Diagnosis of mitochondrial diseases: Clinical and histological study of sixty patients with ragged red fibers
Background: Mitochondrial diseases are caused by mutations in mitochondrial or nuclear genes, or both and most patients do not present with easily recognizable disorders. The characteristic morphologic change in muscle biopsy, ragged-red fibers (RRFs) provides an important clue to the diagnosis. Materials and Methods: Demographic data, presenting symptoms, neurological features, and investigative findings in 60 patients with ragged-red fibers (RRFs) on muscle biopsy, seen between January 1990 and December 2002, were analyzed. The authors applied the modified respiratory chain (RC) diagnostic criteria retrospectively to determine the number of cases fulfilling the diagnostic criteria of mitochondrial disease. Results: The most common clinical syndrome associated with RRFs on muscle biopsy was progressive external ophthalmoplegia (PEO) with or without other signs, in 38 (63%) patients.
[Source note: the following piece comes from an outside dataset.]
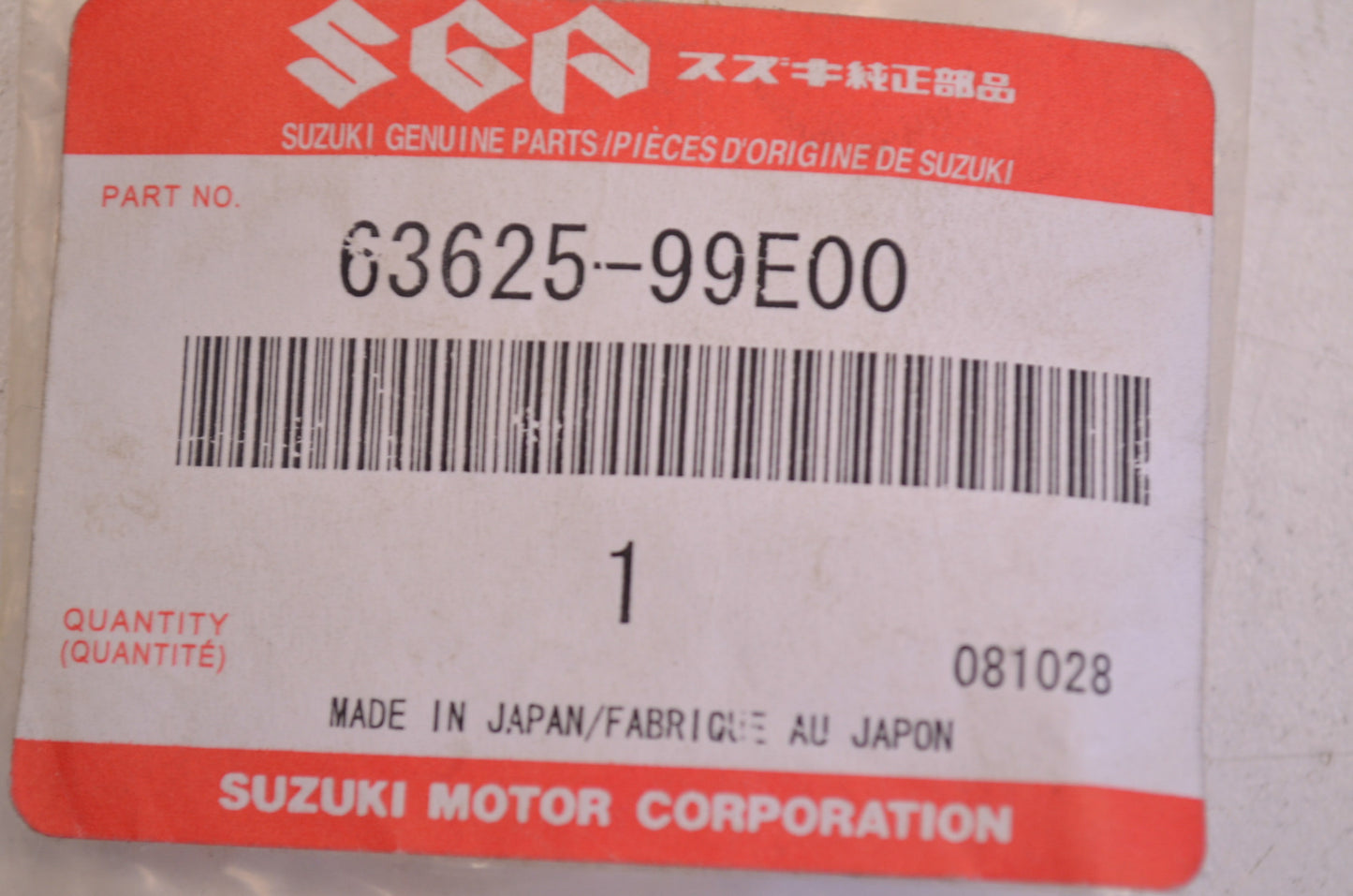 OEM Suzuki 63625-99E00 Throttle Cable Grommet NOS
Twenty-six patients (43%) had only external ophthalmoplegia, 5 (8%) patients presented with encephalomyopathy. Specific syndromes were the presenting feature in 8 (13%), Kearns-Sayre syndrome (KSS) in 4 and myoclonus epilepsy with ragged-red fibers (MERRF) in 4. Myopathy was the presenting feature in 5 (8%) and 4 presented with infantile myopathy. Of the 60 patients, 18 (30%) had proximal muscle weakness. Two patients with KSS and one patient with myopathy had complete heart block necessitating pace making. When the modified RC diagnostic criteria were applied, only 26 (43%) patients had one other major criterion in addition to RRFs for the diagnosis of mitochondrial diseases. The remaining 34 (57%) patients with RRFs on muscle biopsy had only some clinical features suggestive of RC disorder but did not fulfill the clinical criteria (of the modified diagnostic criteria) for the diagnosis of mitochondrial diseases. Conclusion: In patients with clinical features suggestive of RC disorder, demonstration of RRFs on muscle biopsy helps in confirming the diagnosis of mitochondrial disease in only a subgroup of patients.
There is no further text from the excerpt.